This blog is intended to go along with Population: An Introduction to Concepts and Issues, by John R. Weeks, published by Cengage Learning. The latest edition is the 13th (it will be out in January 2020), but this blog is meant to complement any edition of the book by showing the way in which demographic issues are regularly in the news.

You can download an iPhone app for the 13th edition from the App Store (search for Weeks Population).

If you are a user of my textbook and would like to suggest a blog post idea, please email me at: john.weeks@sdsu.edu

Sunday, April 12, 2015

Do Immigrants Contribute to Inequality in America? It Depends

The 2010 US Census found that 13 percent of people in this country were foreign-born, so we're pushing up to the nearly 15 percent foreign-born back in 1910. Since immigrants tend to be young people who are of reproductive age, a disproportionate share (one in five) of children under age 18 in this country have at least one parent who is foreign-born. What does this mean for the educational attainment of those children? That is a question that many have examined, and is taken up in a paper just published in the latest issue of Demography. The paper is open access, so you can check out the details for yourself. The authors, Renee Reichl Luthra & Thomas Soehl, set up the story this way:
Although the distribution of immigrants in terms of human capital is bimodal, it is especially the large group of immigrants with little formal education that raises concerns about the impact of immigration on social inequality. With the children of immigrants currently composing more than 20 % of the U.S. population under age 18, the extent to which this population will inherit the educational characteristics of their parents is significant for the immediate and long-term future of ethnic stratification in the United States.
Their concern is that much of the previous research on this topic has used aggregated data, rather than data that relates individual children to their own parents. As is true in so much social science research (ask me how I know!), the individual level data can tell a somewhat different story than data that are aggregated at the group level. As it turns out, they were able to tap into four large surveys that provided educational attainment data for children and their parents.

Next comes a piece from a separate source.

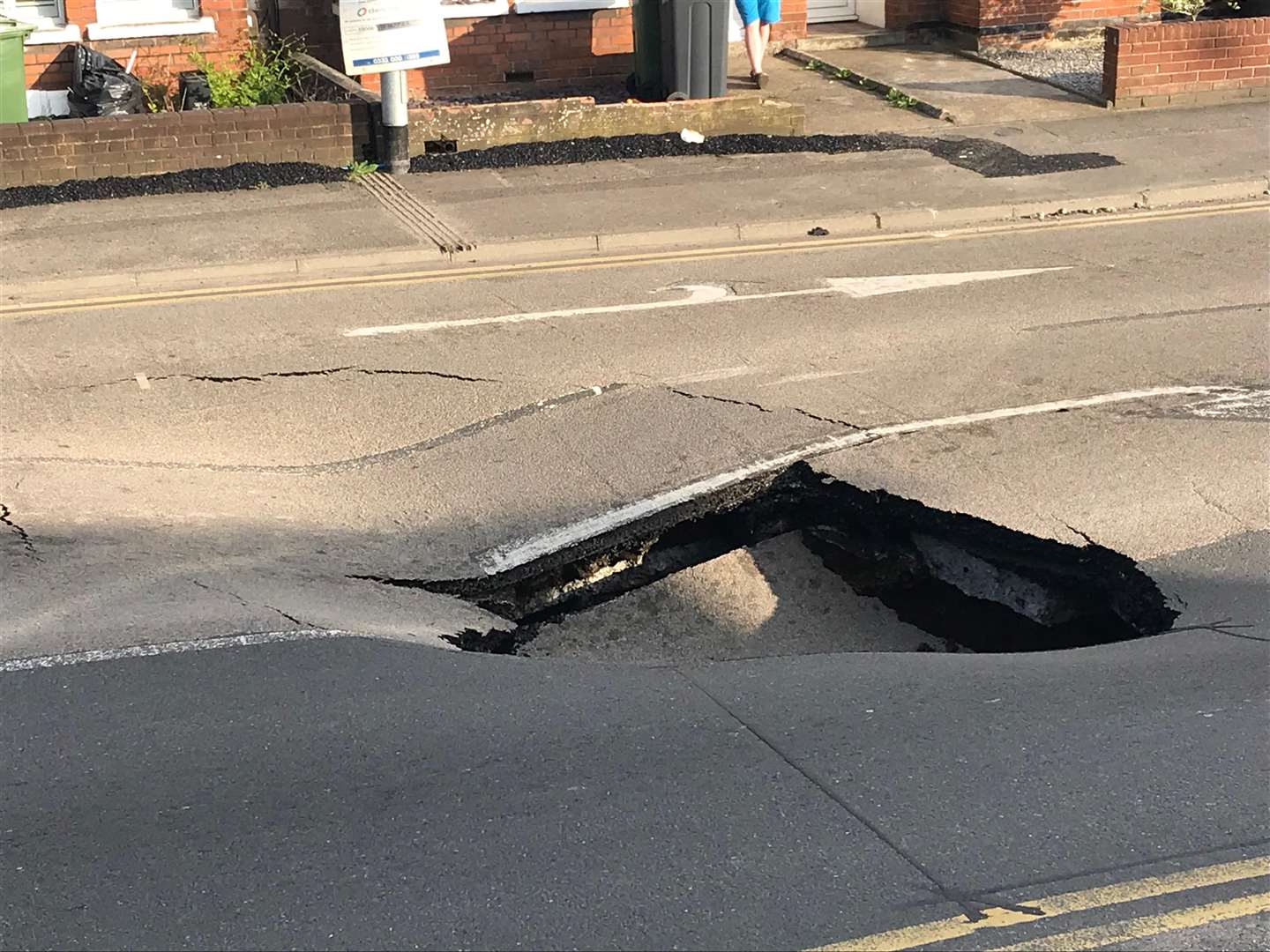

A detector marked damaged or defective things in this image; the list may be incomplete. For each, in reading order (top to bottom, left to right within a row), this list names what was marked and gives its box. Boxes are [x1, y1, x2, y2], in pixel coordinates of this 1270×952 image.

cracked asphalt [2, 205, 1270, 945]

Three of these surveys sampled second-generation respondents in four different metropolitan areas in the United States: the Immigration and Intergenerational Mobility in Metropolitan Los Angeles (IIMMLA) survey; the Immigrant Second Generation in Metropolitan New York survey (ISGMNY); and the Children of Immigrants Longitudinal Survey (CILS), which surveyed the children of immigrants in San Diego and Miami. In addition, we rely on the National Education Longitudinal Study (NELS), which provides nationally representative samples of several na- tional origin groups.
The results do show that for the majority of immigrant groups the children achieve higher levels of education than their parents. Some groups, of course, such as Indians and Filipinos (and increasingly immigrants from sub-Saharan Africa) come to the US as documented immigrants with English language skills, higher than average education and higher status jobs. Their children are likely to do well, and are unlikely to contribute to growing inequality. For those children whose parents came as undocumented immigrants, the educational level in the family is low to begin with, and it is harder for those children to get ahead without extra-familial resources. Just advancing beyond their parents does not necessarily make them competitive with the children of native-born parents nor with the more privileged immigrant groups. They need more resources. This research is in line with policies aimed to provide extra assistance to children of certain immigrant groups who are at a real disadvantage in society. There is resistance to spending such funds, but the payoff is going to be a more productive next generation and that's good for everyone.